1. YAZARLAR

  2. Haksöz

  3. Özgürce, İnsanca ve Müslümanca Yaşamak İstiyoruz!

Özgürce, İnsanca ve Müslümanca Yaşamak İstiyoruz!

Nisan 2005A+A-

İlmi ve Kültürel Araştırmalar Vakfı (İLKAV) 13 Mart Pazar günü Ankara Kocatepe Kültür Merkezi'nde İslami kimliği savunma ve İslami kimliğe yönelik baskı ve yasakları protesto içerikli bir basın açıklaması yaptı. Yine aynı gün saat 13.00'te de "Dinler Arası Diyalog ve Misyonerlik ile Baskılar, Yasaklar ve Diyanet Kıskacında Müslümanlar" konulu bir panel düzenledi. Yoğun bir katılımın gözlendiği panele, Abdullah Yıldız, Beşir Eryarsoy, Rıdvan Kaya ve Mehmet Pamak konuşmacı olarak katıldılar.

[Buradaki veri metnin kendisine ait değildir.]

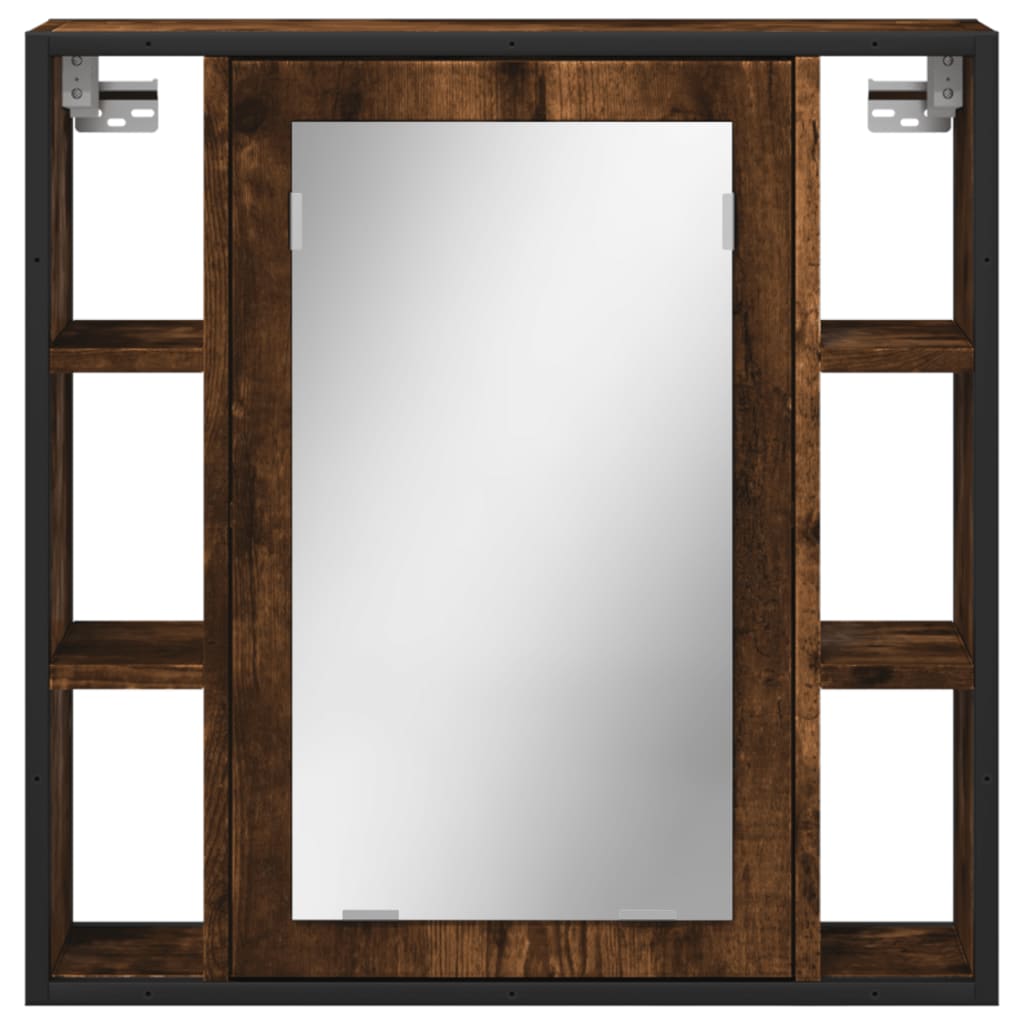 Armoire à miroir de salle de bain chêne fumé bois d’ingénierie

Konuşmalarda "Egemen laik sistem, uyguladığı materyalist eğitim politikaları, İslami kimliğe yönelik çok boyutlu baskılar, Kur'an öğretimine ve İslami eğitime getirdiği yasaklar, Diyanet aracılığıyla din ve ibadet hürriyetine koyduğu sınırlar ve camilerde 'resmi din' dayatan hukuksuzluğu ile misyonerlerin dolduracağı boşluğu oluşturmuştur." ortak tespiti yapıldı. Dinler arası diyalog taraftarı olup tarihselciliği savunan pek çok cemaat, vakıf, dernek ve akademik çevrelerin de bu sekülerleştirme projelerine destek sağladığına dikkat çekilerek, bir taraftan bu işbirlikçi çevrelere yönelik uyarıların yapılması gerektiği, diğer yandan da, İslami kimliğe ve Kur'an'a sımsıkı sarılarak, ilkeli ve istikrarlı bir tevhidi mücadelenin, eğitim ve davet boyutlu çabaların, Müslümanların güç birliği ile sürdürülmesinin önemi vurgulandı.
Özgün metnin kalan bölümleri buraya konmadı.